Cześć Kochani,
parę dni mnie nie było a jest to spowodowane tym, że tyle zmartwień jest w mojej rodzinie:( są rzeczy ważne i ważniejsze, jednak mimo wszystko starałam się trzymać dyscyplinę:
- posiłki co 3-4 godziny,
- picie wody (jeszcze nie jest idealnie, bo wypijam max 1 l)
Z ćwiczeniami było gorzej, bo jak nie mały remont w domu i trzeba było posprzątać to już potem sił nie było na nic więcej, to w weekend pojechałam do rodziców i nie było kiedy poćwiczyć.
Wszystko odbiłam sobie w niedzielę, spędzając półtora godziny na basenie, a potem pół godzinki rowerkiem. Dzisiaj mam wrażenie, że się przeforsowałam:(
Domdom89
1 sierpnia 2016, 20:43Dobrze, trzymaj czas psilkow ;P woda tez wazna, sama musze sie pilnowac ;) A co robilas dzis jakies cwiczonka?
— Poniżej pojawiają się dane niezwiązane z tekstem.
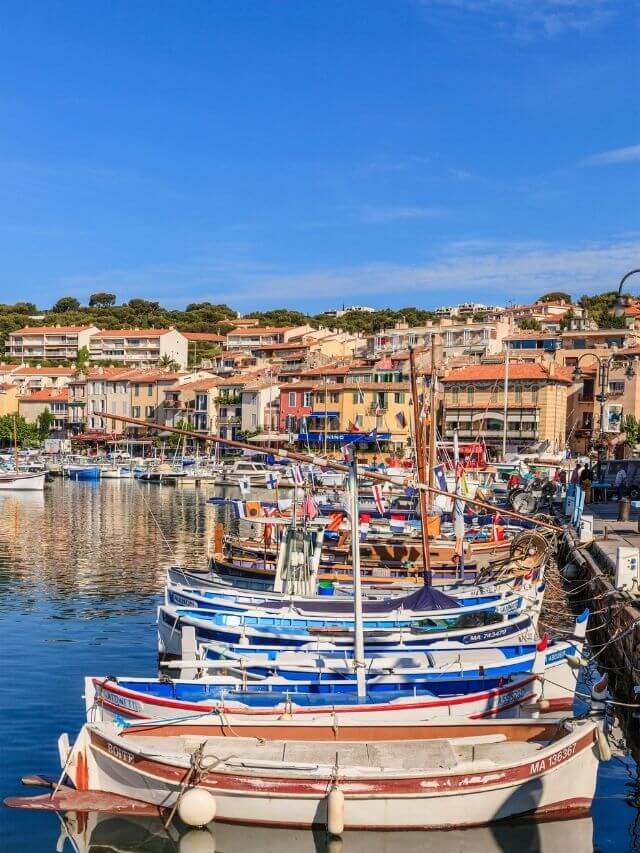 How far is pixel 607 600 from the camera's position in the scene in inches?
1002

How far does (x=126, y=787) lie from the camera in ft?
49.3

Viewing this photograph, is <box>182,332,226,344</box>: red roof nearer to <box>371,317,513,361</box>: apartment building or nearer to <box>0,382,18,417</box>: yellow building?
<box>0,382,18,417</box>: yellow building

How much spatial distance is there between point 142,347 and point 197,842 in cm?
15043

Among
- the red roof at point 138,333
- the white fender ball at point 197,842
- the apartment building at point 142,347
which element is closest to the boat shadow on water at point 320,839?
the white fender ball at point 197,842

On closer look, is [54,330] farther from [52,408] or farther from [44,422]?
[44,422]

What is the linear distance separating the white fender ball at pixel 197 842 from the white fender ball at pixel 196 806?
64 centimetres

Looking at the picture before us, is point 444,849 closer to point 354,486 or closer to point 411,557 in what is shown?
point 354,486

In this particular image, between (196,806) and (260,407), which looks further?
(260,407)

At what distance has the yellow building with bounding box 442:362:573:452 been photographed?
98.6 m

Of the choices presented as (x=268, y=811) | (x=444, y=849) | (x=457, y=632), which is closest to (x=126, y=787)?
(x=268, y=811)

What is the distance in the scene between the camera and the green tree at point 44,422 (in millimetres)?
136500

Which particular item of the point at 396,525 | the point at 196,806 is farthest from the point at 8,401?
the point at 196,806

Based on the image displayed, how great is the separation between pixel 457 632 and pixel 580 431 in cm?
8806

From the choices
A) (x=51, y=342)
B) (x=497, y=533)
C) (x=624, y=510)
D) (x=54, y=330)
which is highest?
(x=54, y=330) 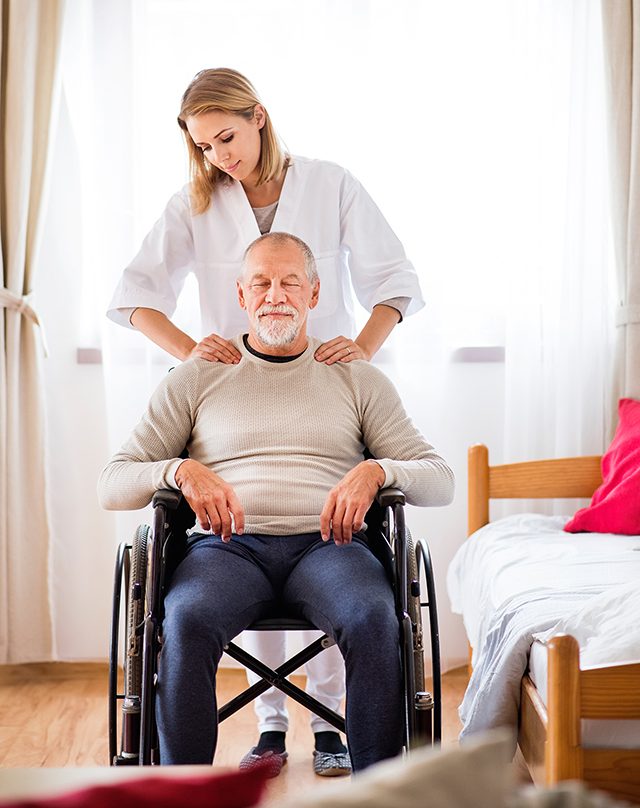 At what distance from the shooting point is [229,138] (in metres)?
2.36

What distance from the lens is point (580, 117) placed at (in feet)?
10.2

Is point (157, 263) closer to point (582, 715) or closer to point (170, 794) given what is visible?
point (582, 715)

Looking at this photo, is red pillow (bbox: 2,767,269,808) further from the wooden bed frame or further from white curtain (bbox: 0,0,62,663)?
white curtain (bbox: 0,0,62,663)

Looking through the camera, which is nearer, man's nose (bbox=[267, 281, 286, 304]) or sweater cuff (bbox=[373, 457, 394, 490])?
sweater cuff (bbox=[373, 457, 394, 490])

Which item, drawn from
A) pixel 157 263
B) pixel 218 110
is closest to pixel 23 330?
pixel 157 263

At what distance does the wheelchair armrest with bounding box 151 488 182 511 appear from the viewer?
1915mm

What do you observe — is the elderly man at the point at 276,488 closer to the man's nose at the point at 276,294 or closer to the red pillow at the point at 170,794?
the man's nose at the point at 276,294

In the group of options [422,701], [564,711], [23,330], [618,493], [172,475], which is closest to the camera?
[564,711]

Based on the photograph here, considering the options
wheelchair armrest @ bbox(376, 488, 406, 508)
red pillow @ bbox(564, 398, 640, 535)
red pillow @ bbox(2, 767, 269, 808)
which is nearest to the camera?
red pillow @ bbox(2, 767, 269, 808)

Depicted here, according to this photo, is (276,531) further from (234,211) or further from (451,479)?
(234,211)

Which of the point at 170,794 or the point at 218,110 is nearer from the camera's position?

Trzeba zaczac sierpien z kopem ;D pozdrawiam i zycze aktywnego sierpnia
Marta.marta.marta
1 sierpnia 2016, 21:03Właśnie zeszłam z rowerka, 30 minut jazdy jakbym się ścigała;) w nogach zakwasy, na czole litry potu ale szczęśliwa coraz bardziej, że z większym zaangażowaniem wykonuję ćwiczenia:)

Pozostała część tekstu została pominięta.